Class ExternalParser

java.lang.Object
org.apache.tika.parser.external.ExternalParser
All Implemented Interfaces:
Serializable, SelfConfiguring, Parser

public class ExternalParser extends Object implements Parser
Parser that uses an external program (like ffmpeg, exiftool or sox) to extract text content and metadata from a given document.

This parser relies on JSON configuration rather than classpath auto-discovery. Users can specify independent handlers for each process stream:

  • stdoutHandler — processes stdout
  • stderrHandler — processes stderr
  • outputFileHandler — processes the output file
The contentSource field controls which stream provides the XHTML content output. An optional checkCommandLine lazily verifies the external tool is available.
See Also:
  • Field Details

  • Constructor Details

    • ExternalParser

      public ExternalParser()
      Default constructor - not typically useful since ExternalParser requires configuration.
    • ExternalParser

      public ExternalParser(ExternalParserConfig config)
      Programmatic constructor with typed config.
    • ExternalParser

      public ExternalParser(JsonConfig jsonConfig)
      JSON config constructor - used for deserialization.
  • Method Details

    • getSupportedTypes

      public Set<MediaType> getSupportedTypes(ParseContext context)
      Description copied from interface: Parser
      Returns the set of media types supported by this parser when used with the given parse context.
      Specified by:
      getSupportedTypes in interface Parser
      Parameters:
      context - parse context
      Returns:
      immutable set of media types
    • parse

      public void parse(TikaInputStream tis, ContentHandler handler, Metadata metadata, ParseContext context) throws IOException, SAXException, TikaException
      Description copied from interface: Parser
      Parses a document stream into a sequence of XHTML SAX events. Fills in related document metadata in the given metadata object.

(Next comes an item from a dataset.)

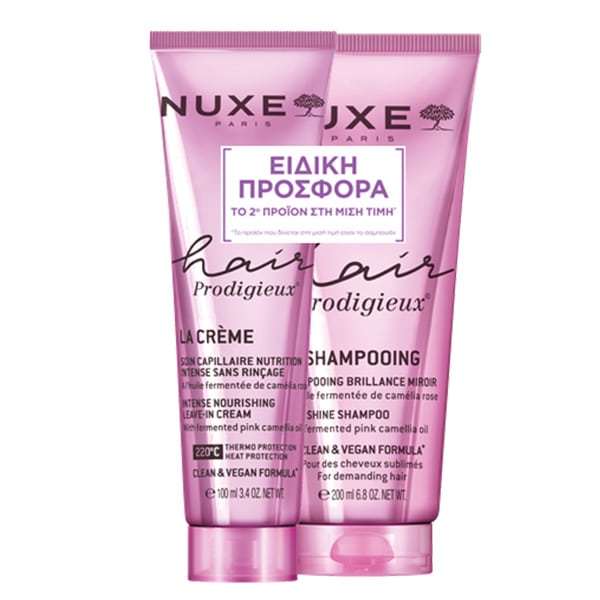 Nuxe Promo Hair Prodigieux (-50% στο 2ο Προϊόν) Intense Nourishing Leave-In Κρέμα Μαλλιών για Αναδόμηση & Θρέψη, 100ml & High Shine Σαμπουάν Λάμψης, 200ml, 1σετ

      The given document stream is consumed but not closed by this method. The responsibility to close the stream remains on the caller.

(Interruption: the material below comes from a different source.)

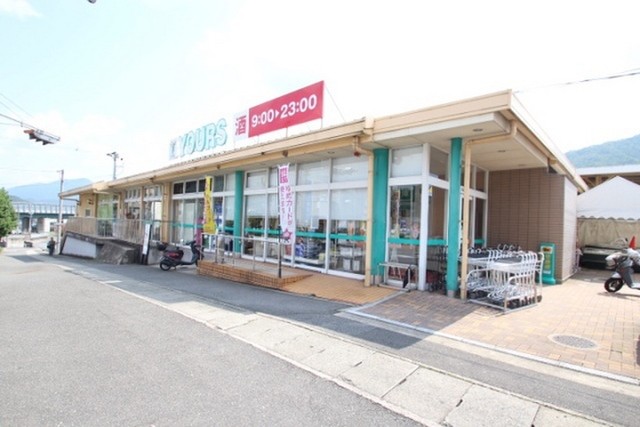 WOODFIELDⅡ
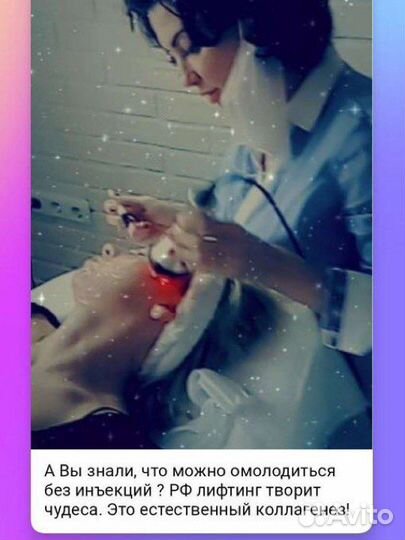 Профессиональный Массаж лица шеи декольте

      Information about the parsing context can be passed in the context parameter. See the parser implementations for the kinds of context information they expect.

      Specified by:
      parse in interface Parser
      handler - handler for the XHTML SAX events (output)
      metadata - document metadata (input and output)
      context - parse context
      Throws:
      IOException - if the document stream could not be read
      SAXException - if the SAX events could not be processed
      TikaException - if the document could not be parsed
    • getConfig

      public ExternalParserConfig getConfig()
      Returns the configuration for this parser.